Reza a lenda que Robert Johnson, icónica figura do Blues, vendeu a alma ao diabo em troca de um talento musical ímpar. Mais especificamente, a história refere que à meia-noite, numa encruzilhada, um homem vestido de preto (o Mafarrico) lhe afinou a guitarra, tocou umas modinhas e passou a sua mestria para as mãos e mente de Johnson.

Pois posso-vos dizer que isto é uma grande treta. Ainda ontem vendi a alma ao diabo e ele vinha em tons de azul. Azul-escuro é verdade, mas nem um daltónico poderia confundir com preto. Mas tonalidades à parte, que isso é irrelevante.

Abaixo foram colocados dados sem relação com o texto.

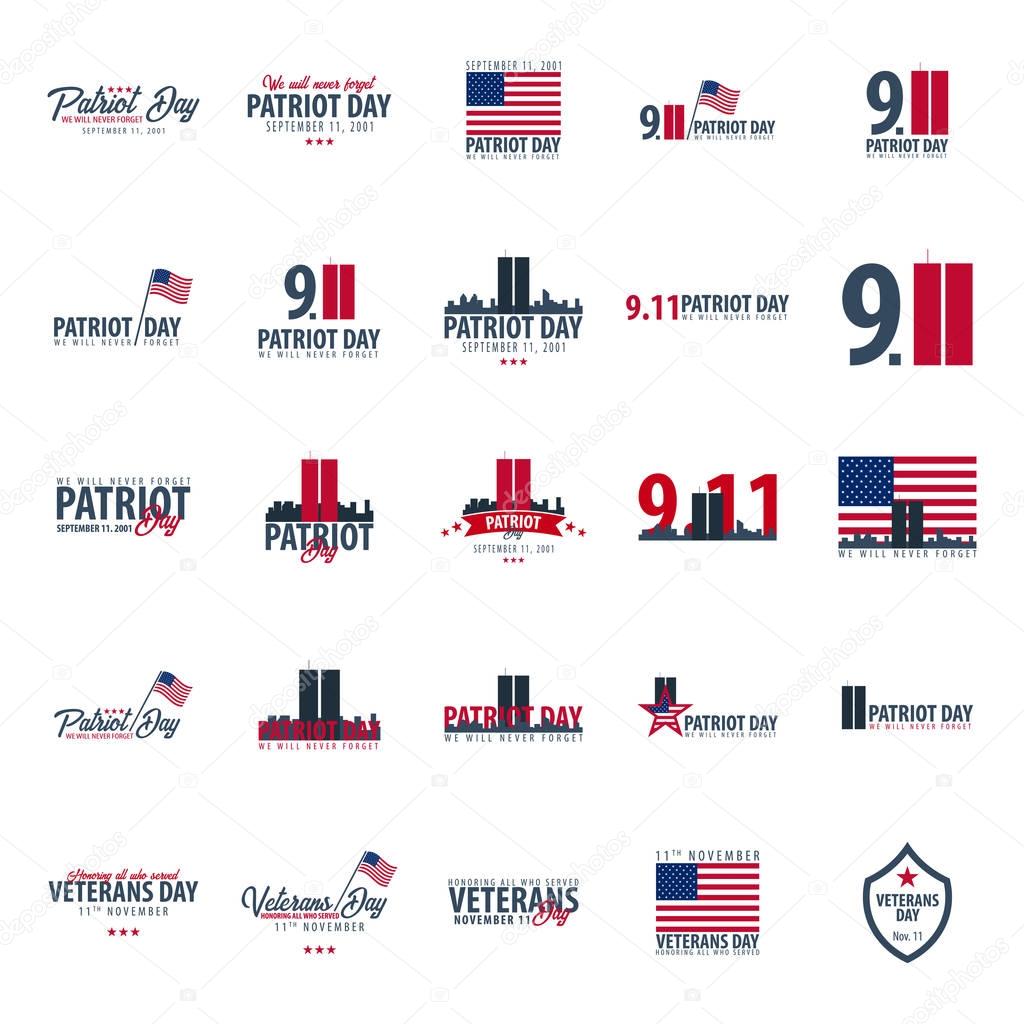 Patriot day emblems or logo. September 11. We will never forget.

Já à bastante tempo que pensava em fazer isto. Finalmente tive a oportunidade de o concretizar. Ainda se colocou a hipótese de fazer um leasing mas achei que já que estávamos a falar da alma de uma pessoa ao menos que fosse algo em definitivo.

Cheguei à encruzilhada já passava da meia-noite. Felizmente Satanás também se tinha atrasado e acabava de chegar. Após a já típica conversa sobre o trânsito alfacinha prosseguimos para aquilo que verdadeiramente interessava.

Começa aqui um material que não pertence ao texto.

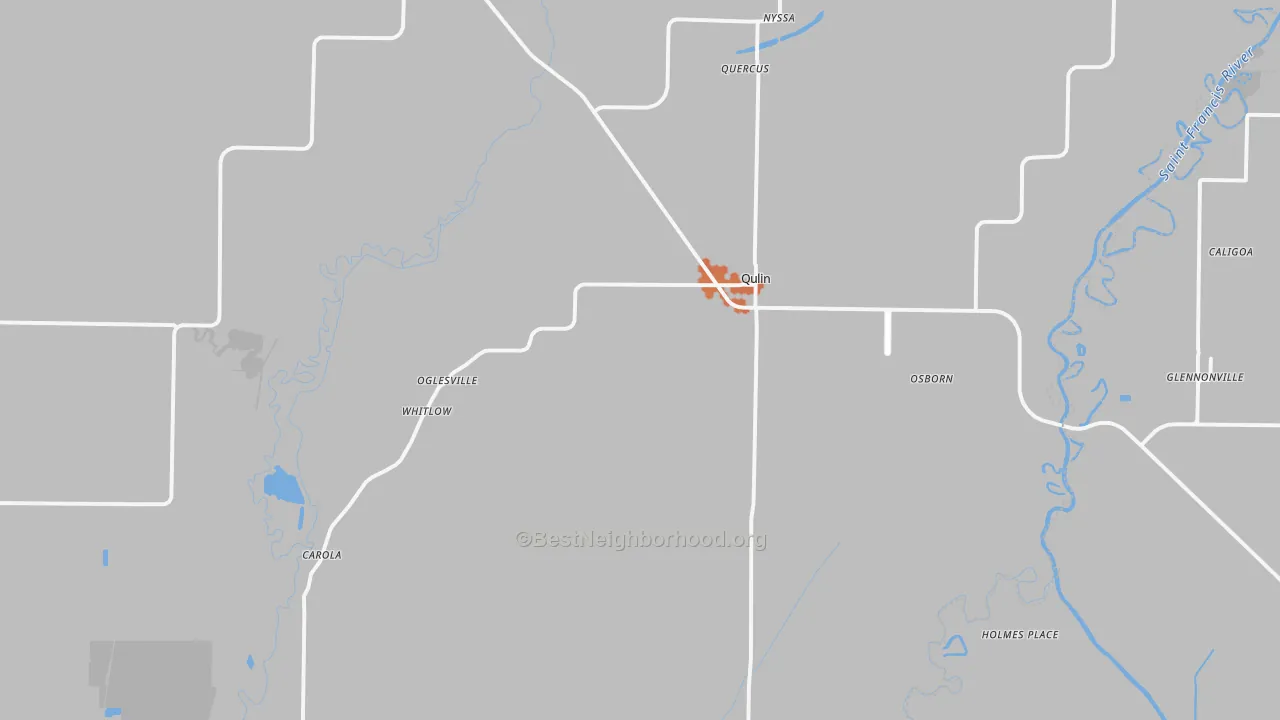 Bike Grade map of Qulin, MO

Não me fazendo fraco nesta negociação virei-me para ele dizendo:

-Como é que eu sei que você é mesmo o diabo? Eu nem acredito em tal figura.

Ao que ele respondeu:

-Oh meu amigo, eu também não acreditava que hoje chovesse depois dos dias bonitos que tivemos em Março e veja como o tempo se pôs.

Fiquei logo sem argumentos. E se duvidas tivesse, foram logo postas de parte. Mostrou-me o seu diploma da licenciatura de direito, um mestrado em teologia, a tatuagem de uma claque de futebol, o seu cartão de filiação num partido politico e o de funcionário da ASAE. Percebi imediatamente que estava perante uma figura de uma malvadez superior.

O acordo foi bastante rápido e, diria eu, bastante proveitoso para a minha parte. A minha alma condenada até à eternidade pela realização dos meus desejos terrenos. Considero que fiquei a ganhar duas vezes. Se por um lado garanti uma existência bem mais proveitosa por outro assegurei a minha entrada pelas portas do Inferno. Desde muito novo que sempre sonhei ir lá parar depois de esticar o pernil. O Céu sempre me pareceu profundamente aborrecido e com uma aragem desagradável. Por outro lado o Inferno apresenta-se pleno de vantagens. É mais aconchegante, pode-se fumar e ao menos conheço alguém. Se fosse parar ao Céu não conhecia ninguém. Tinha de estar a fazer amigos outra vez e toda a gente sabe que amizades duradoiras não se constroem assim, sem mais nem menos.

E mais. Tudo aquilo que é bom está nas profundezas do Inferno. Todos os pecados lá estão, e em dose reforçada. Posso ter sido levado ao engano, eu sei. Pode ser como qualquer local turístico. Óptimo para passar férias mas péssimo para lá se viver. Seja como for ou era isso ou andar feito parvo de nuvem em nuvem a tocar harpa na companhia de anjos assexuados. Venham as chamas do Inferno e o resto que se foda.